Thread: Btree indexes, large numbers and <= comparisons

Btree indexes, large numbers and <= comparisons

From
Toke Høiland-Jørgensen
Date:
I have a table with ~5 million rows containing ranges of large (8-digit)
numbers. The table has an int4 field for the range start and the range end,
and a field which is null if that particular range is expired, and has a
value otherwise.

I need to query this table to find a range containing a particular number,
e.g. a query might look like this:

SELECT * FROM table_name WHERE range_start <= 87654321 AND range_end >=
87654321 AND expired IS NULL

My problem is that when I run a query like the above, the query planner does a
sequential scan, even though i have an index on both the query columns
separately, as well as an index containing both columns.

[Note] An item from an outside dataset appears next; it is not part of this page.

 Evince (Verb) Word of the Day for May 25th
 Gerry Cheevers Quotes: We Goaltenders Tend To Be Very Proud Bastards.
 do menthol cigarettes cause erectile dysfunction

The indexes are
defined like this:

CREATE INDEX range_start_end_index ON table_name USING btree (range_start,
range_end) WHERE expired IS NULL
CREATE INDEX range_start_index ON table_name USING btree (range_start) WHERE
expired IS NULL
CREATE INDEX range_end_index ON table_name USING btree (range_end) WHERE
expired IS NULL

When I do a query for smaller numbers (7-digit and below, as far as I can
see), the query planner uses the index(es) and the query is instantaneous.
However, when I run a query like the above, the planner decides to do a
sequential scan of the entire table.

I realize this probably has something to do with the planner only searching
for the first part of the WHERE clause (i.e. range_start <= 87654321) and
deciding that this will probably yield so many rows that a sequential scan
will yield results that are just as good. However, the data is structured in
such a way that multiple ranges containing the same number (and which are not
expired) do not exist. So in reality there will be either 1 or 0 results for
a query like the above.

How do I make the query planner realize that using the index is a Good
Thing(tm)?

Any help will be greatly appreciated.

Regards,
-Toke

Re: Btree indexes, large numbers and <= comparisons

From
"Alejandro D. Burne"
Date:
2007/3/29, Toke Høiland-Jørgensen <toke@toke.dk>:
> I have a table with ~5 million rows containing ranges of large (8-digit)
> numbers. The table has an int4 field for the range start and the range end,
> and a field which is null if that particular range is expired, and has a
> value otherwise.
>
> I need to query this table to find a range containing a particular number,
> e.g. a query might look like this:
>
> SELECT * FROM table_name WHERE range_start <= 87654321 AND range_end >=
> 87654321 AND expired IS NULL
>
> My problem is that when I run a query like the above, the query planner does a
> sequential scan, even though i have an index on both the query columns
> separately, as well as an index containing both columns. The indexes are
> defined like this:
>
> CREATE INDEX range_start_end_index ON table_name USING btree (range_start,
> range_end) WHERE expired IS NULL
> CREATE INDEX range_start_index ON table_name USING btree (range_start) WHERE
> expired IS NULL
> CREATE INDEX range_end_index ON table_name USING btree (range_end) WHERE
> expired IS NULL
>
> When I do a query for smaller numbers (7-digit and below, as far as I can
> see), the query planner uses the index(es) and the query is instantaneous.
> However, when I run a query like the above, the planner decides to do a
> sequential scan of the entire table.
>
> I realize this probably has something to do with the planner only searching
> for the first part of the WHERE clause (i.e. range_start <= 87654321) and
> deciding that this will probably yield so many rows that a sequential scan
> will yield results that are just as good. However, the data is structured in
> such a way that multiple ranges containing the same number (and which are not
> expired) do not exist. So in reality there will be either 1 or 0 results for
> a query like the above.
>
> How do I make the query planner realize that using the index is a Good
> Thing(tm)?
>
> Any help will be greatly appreciated.
>
> Regards,
> -Toke

Can you send an explain analyze for that query?

Alejandro

Re: Btree indexes, large numbers and <= comparisons

From
Ron Johnson
Date:
-----BEGIN PGP SIGNED MESSAGE-----
Hash: SHA1

On 03/29/07 06:33, Alejandro D. Burne wrote:
> 2007/3/29, Toke Høiland-Jørgensen <toke@toke.dk>:
[snip]
>>
>> Any help will be greatly appreciated.
>>
>> Regards,
>> -Toke
>
> Can you send an explain analyze for that query?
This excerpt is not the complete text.